Why Mindfulness Can Be an Excellent Diet Plan

Woman having pub lunch, eating salad and reading magazine

 Around the holidays, food seems to be everywhere. Then, when the new year comes along, resolutions for weight loss become popular.

Sometimes food is used for comfort. It’s a brief moment of joy in a world of sadness.

Whether you’re always dreaming of what you want to eat or you’ve just been to one too many family events this year, the solution to the expanding waist line could be mindfulness. I find that when I’m more aware of the world around me as I eat, I’m more conscious of the reasons why I am eating.

I also pay more attention to what food goes into my mouth.

If you’re thinking about how to apply mindfulness to your eating habits, here are the 5 steps I follow with every meal.

#1. Give thanks.

I think it is important to be grateful for a meal. Not everyone gets three meals per day in our world. Food is often taken for granted. Whether you say grace, thank the universe for its bounty, or have another spiritual or personal ritual that you follow, embrace it. Be present in that moment.

#2. Get rid of the distractions.

I used to like to watch the news while I ate dinner. I felt like I was multitasking. Then I realized that I stopped caring about what I was eating because I was more concerned about what was on the TV. Maybe for you it’s the smartphone. Or it could be the internet. It could be this very article. Whatever the case may be, I’ve found that by getting rid of the distractions, it becomes easier to enjoy the food being eaten and that makes every meal more satisfying.

#3. Use all of your senses.

Eating is more than just flavor. It’s even more than just its smell. How the food looks, what it feels like, and even its savory components are extremely important to the eating experience. Allow your body to enjoy every moment of a meal with every sense. For me, I’ve found that embracing umami, the sixth tasting sense, has really helped me to stay present in the moment. Find what can work for you in this area and your approach to mindfulness will change.

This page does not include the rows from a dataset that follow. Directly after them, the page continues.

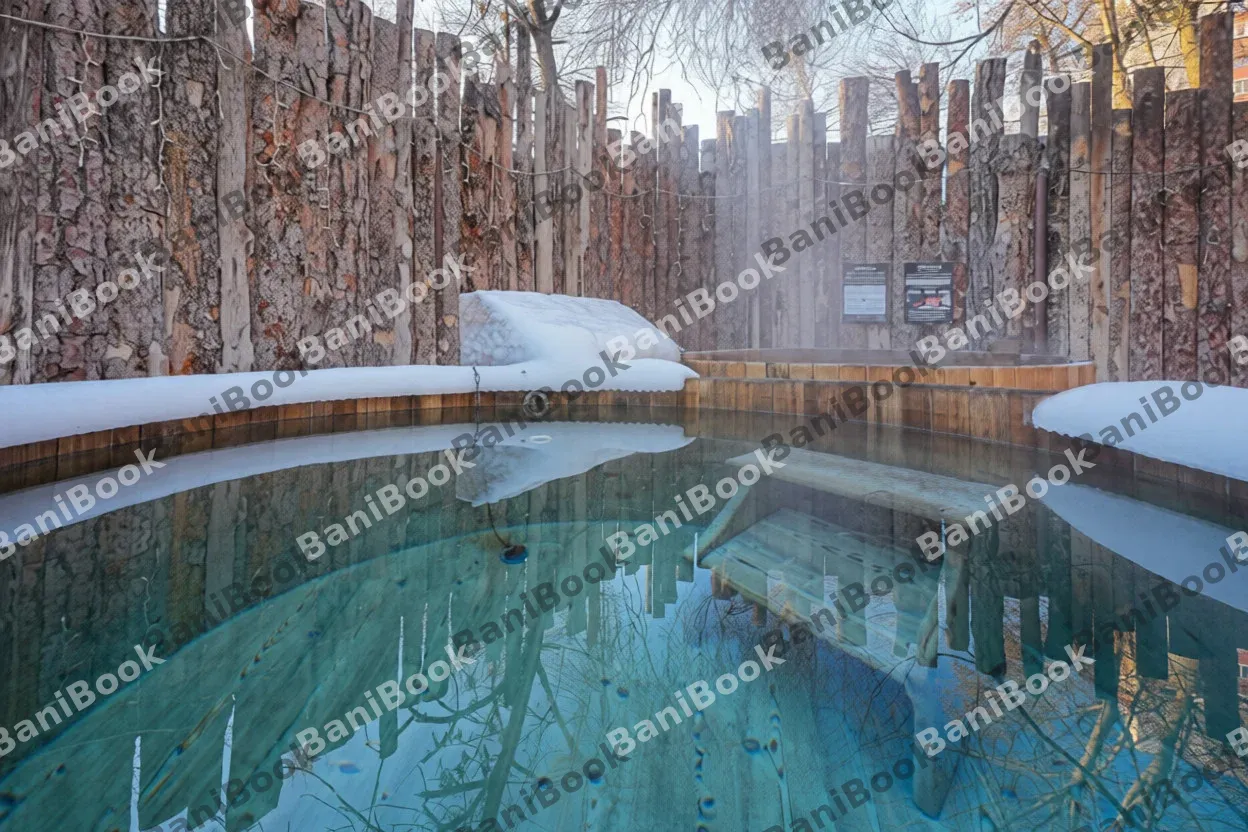 Баня Деревенька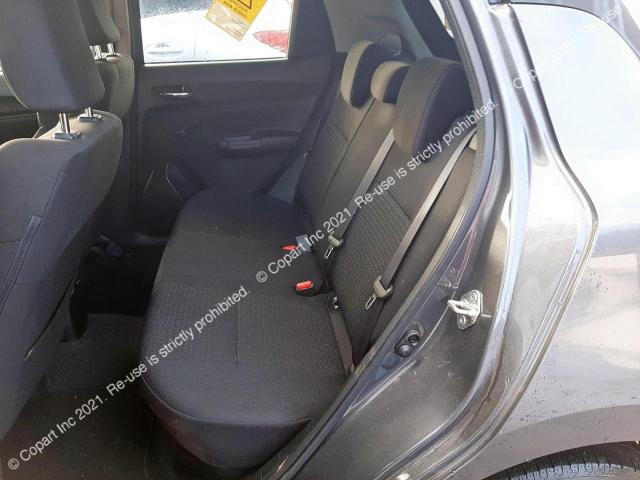 JSAAZC53S00312237 Suzuki Swift Sz-t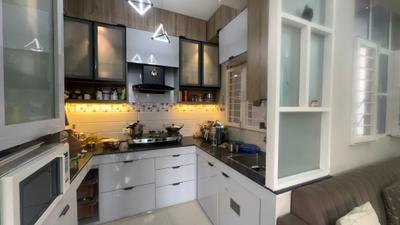 Kitchen Image of 850 Sq.ft 3 BHK Apartment / Flat for sale in Signature Global Solera 2, Sector 107 Gurgaon for Rs. 8500000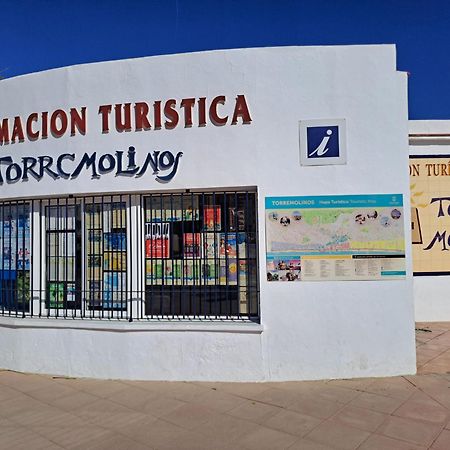 Torremolinos Playamar Primera Linea De Playa Urb. La Farola المظهر الخارجي الصورة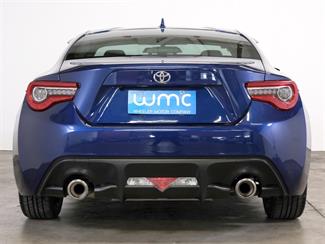 Wheeler Motor Company -#27459 2017 Toyota 86Thumbnail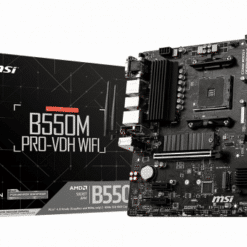 Placa Base MSI B550M PRO-VDH WIFI - Hardware y Componentes Gaming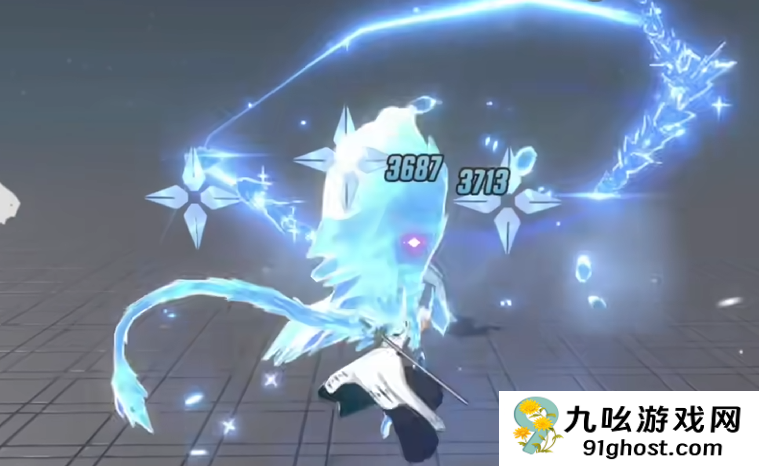 境界刀鸣冬狮郎玩法详解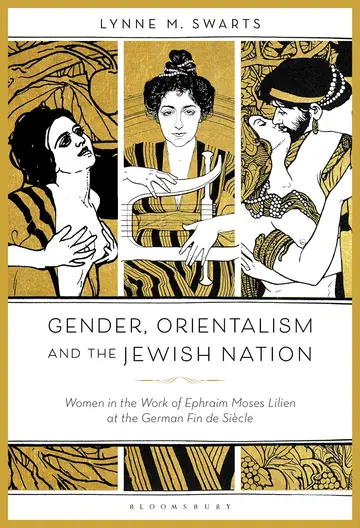 Cover of Gender, Orientalism and the Jewish Nation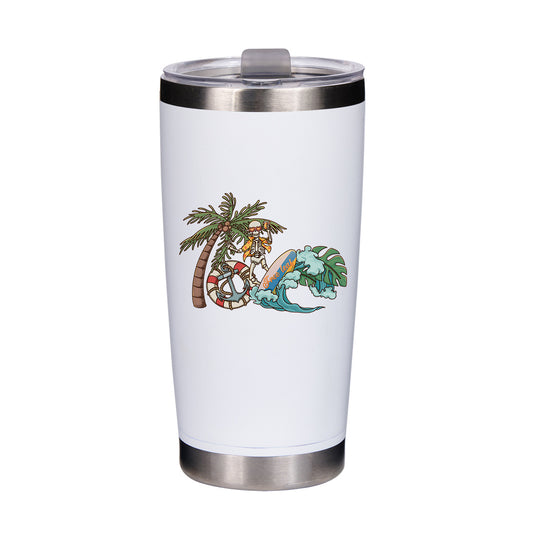 Freeleaf Eternal Summer Romance Adventure Tumbler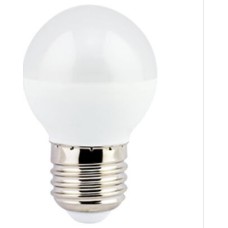 лампы светодиодные ECOLA K7GV70ELC GLOBE LED 7W/G45/E27/4000K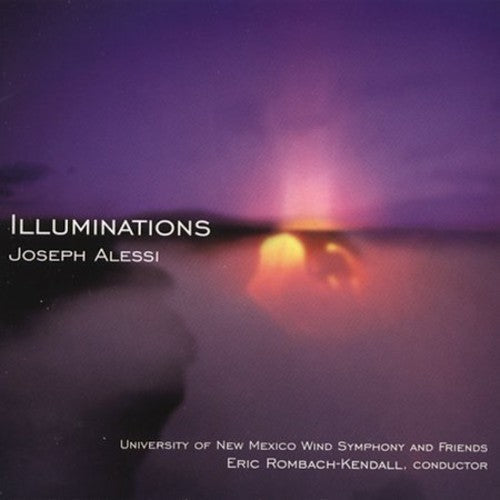 Joseph Alessi: Alessi, Joseph : Illuminations - COMPACT DISCS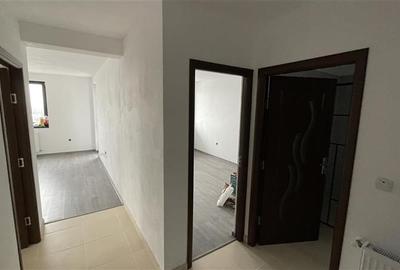 Apartament cu doua camere, semifinisat, in Cristesti, zona Materom, loc de parca - 17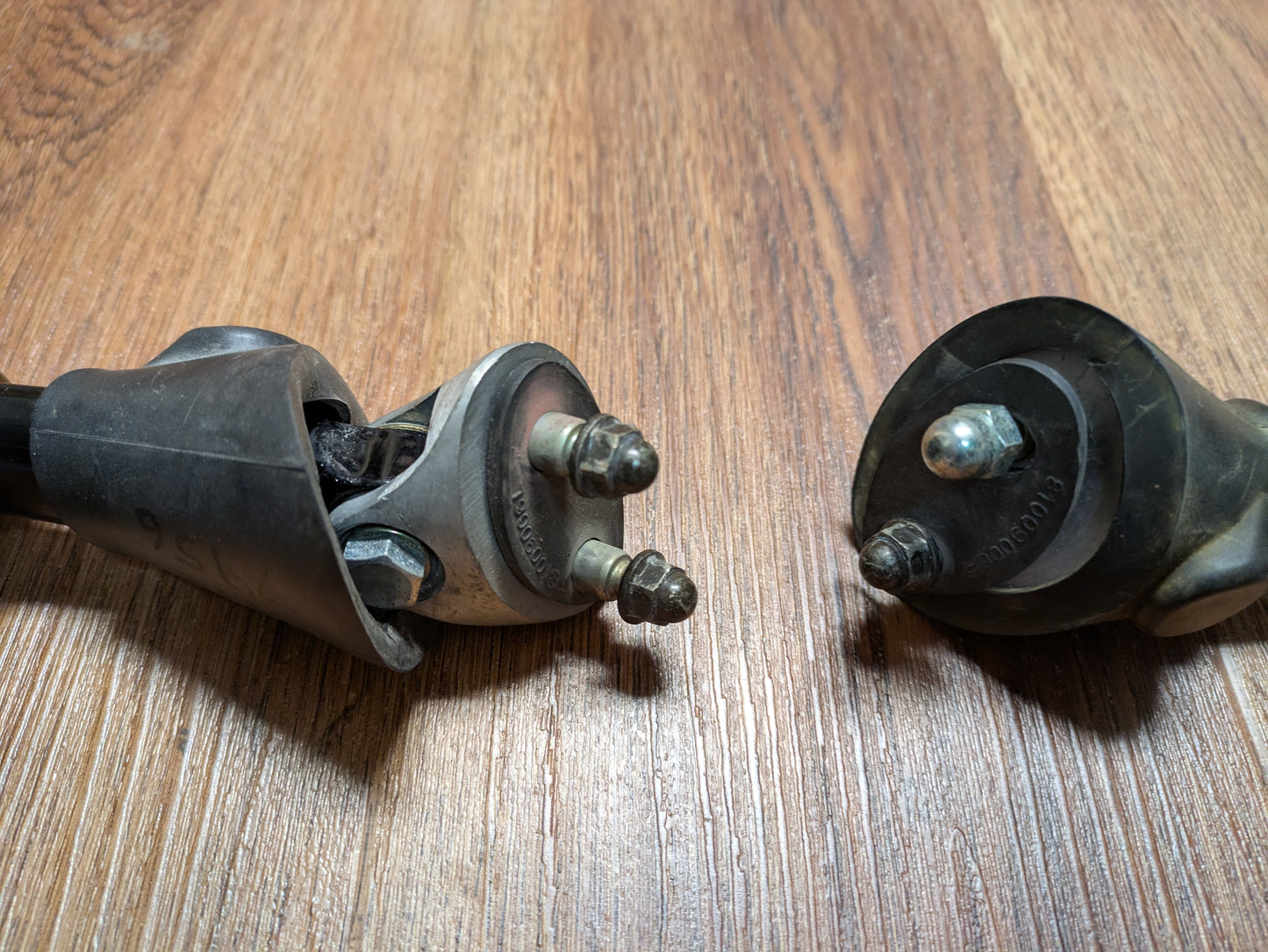 Honda CBR ; Mirror Pair sku 7956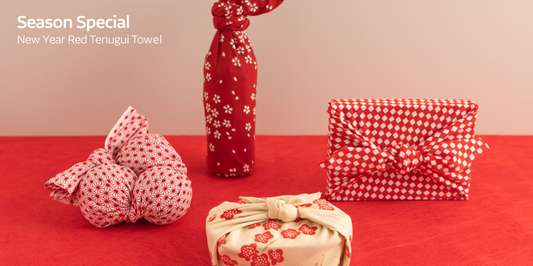 TENUGUI TOWEL STORY VOL.7 is now available.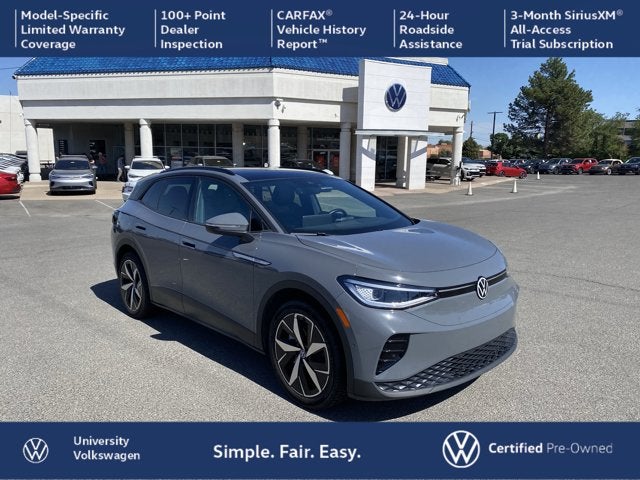 2023 Volkswagen ID.4 Pro S
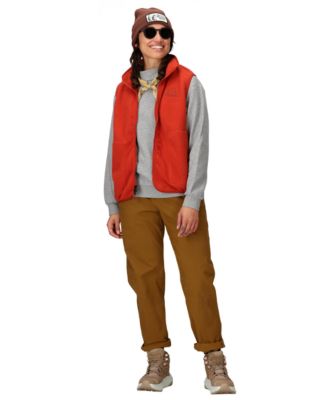 Women's Wanderer High Pile Fleece Vest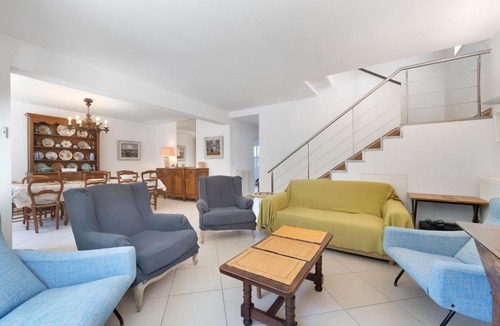 Saint-Hilaire-de-Riez House | Villa face mer - 200m plage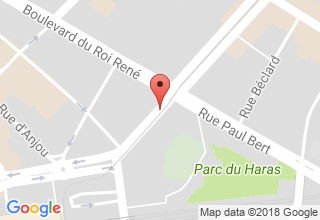 Plan de localisation de GO-A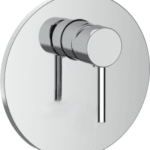 ALVA AQARIDSTB.2 ALVA Idea 1.0 Brausearmatur UP Sichtteil inkl. UP-Körper, Chrom  Verpackungseinheit:1ST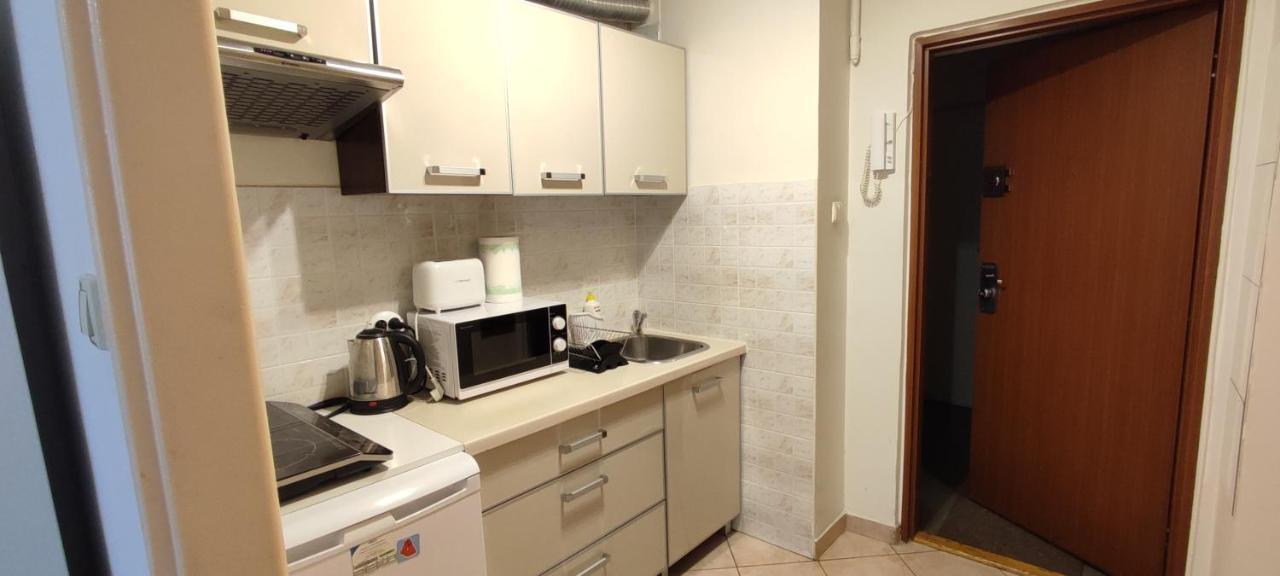 Top Apartamenty Centrum - Metro Rondo Onz 바르샤바 외부 사진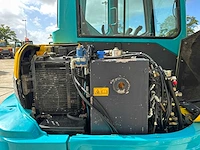 Kubota - 2012 - kx161-3 - midigraafmachine - afbeelding 15 van  42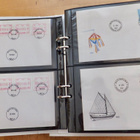 104 Ensipäiväkuorta FDC Ahvenanma Åland Postin Kansiossa - pikkukuva 2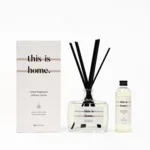 this is home. | Geurstokjes + Navulling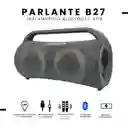 Parlante Bluetooth B27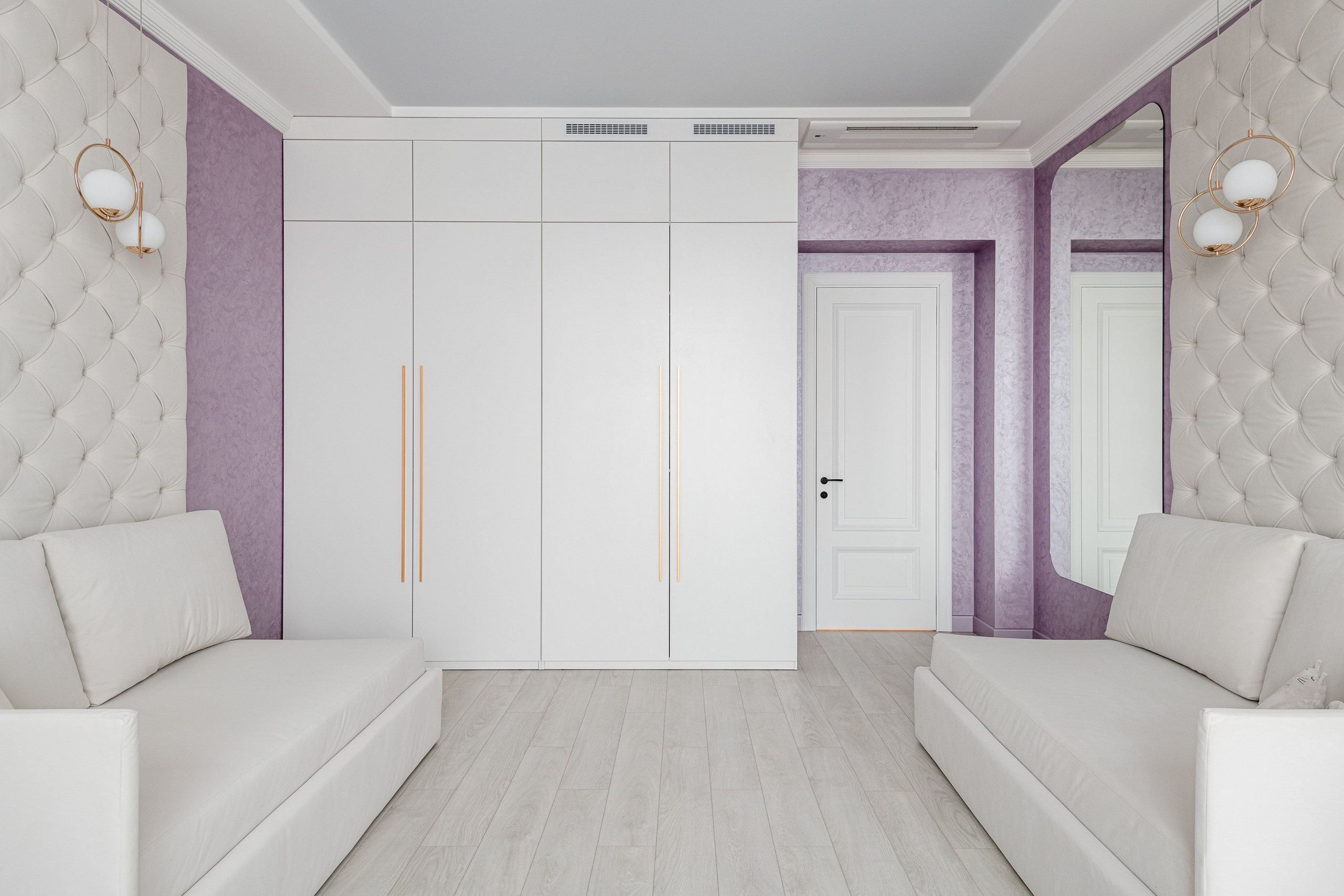 Проект ALVY. Дизайн интерьера в Новосибирске, Мире, Онлайн | Студия дизайна интерьера TWOREZ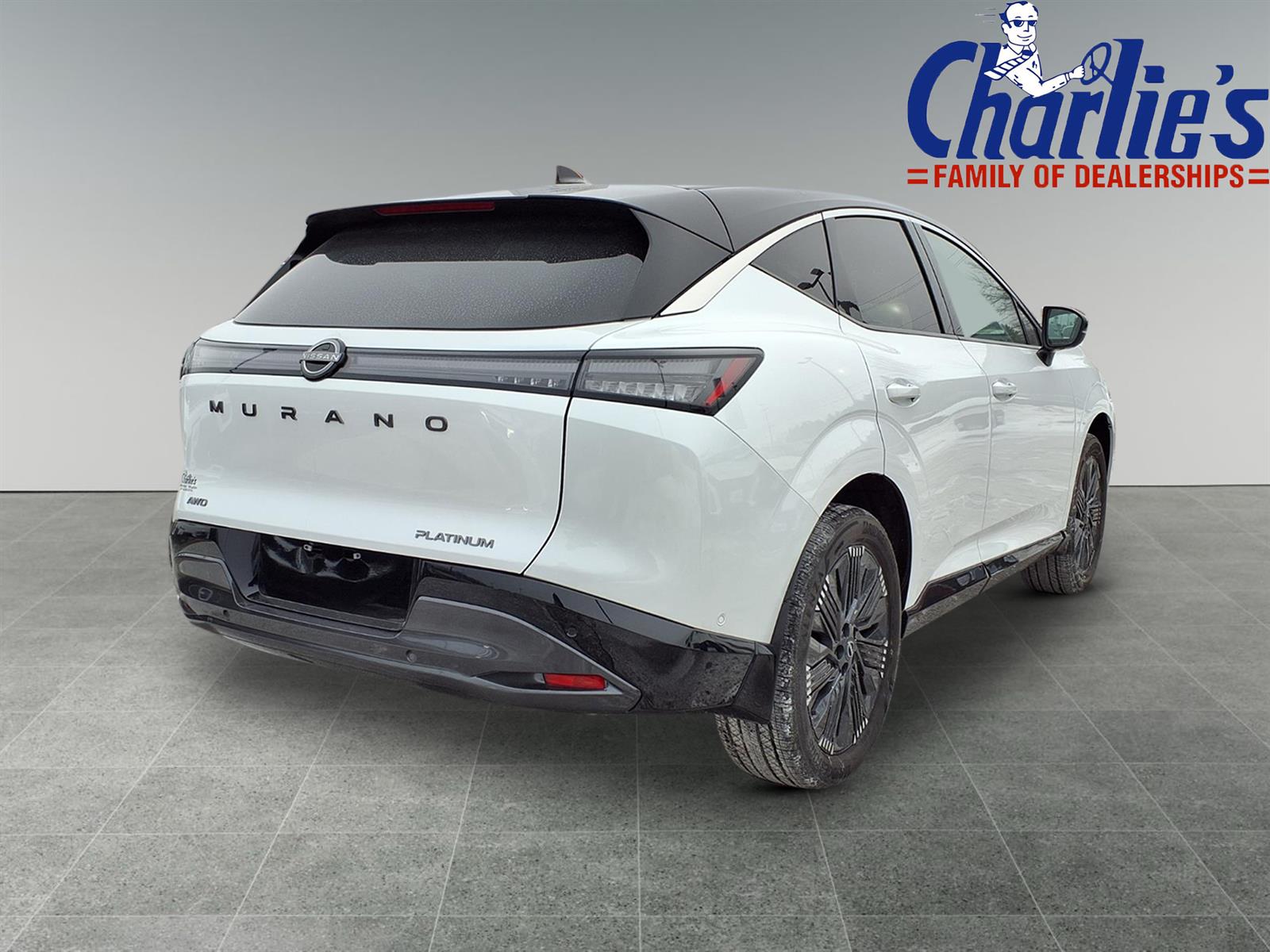 2026 Nissan Murano Platinum - Photo 4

#4. Have the courage to stop.

This one is simple. Once you feel full, stop eating. I grew up in a home where you had to clear your plate in order to be excused from the table. Allowing myself to be finished with a meal where there was still food present was one of the toughest things I’ve ever taught myself to do.

The opposite is also true. If you’re still hungry, then get more food. The goal is to be satisfied.

#5. Keep a journal of what you eat.

By understanding what you eat, it becomes easier to control how much weight you are able to lose – or gain. Sometimes we eat certain things without giving them a second thought. I’m that way with certain candies. If you keep a journal, then you become more aware of what you are eating… and that allows you to make healthier decisions.

How do you stay mindful when eating? Do you have any tips that have helped you stay present in the moment while you improve your eating habits?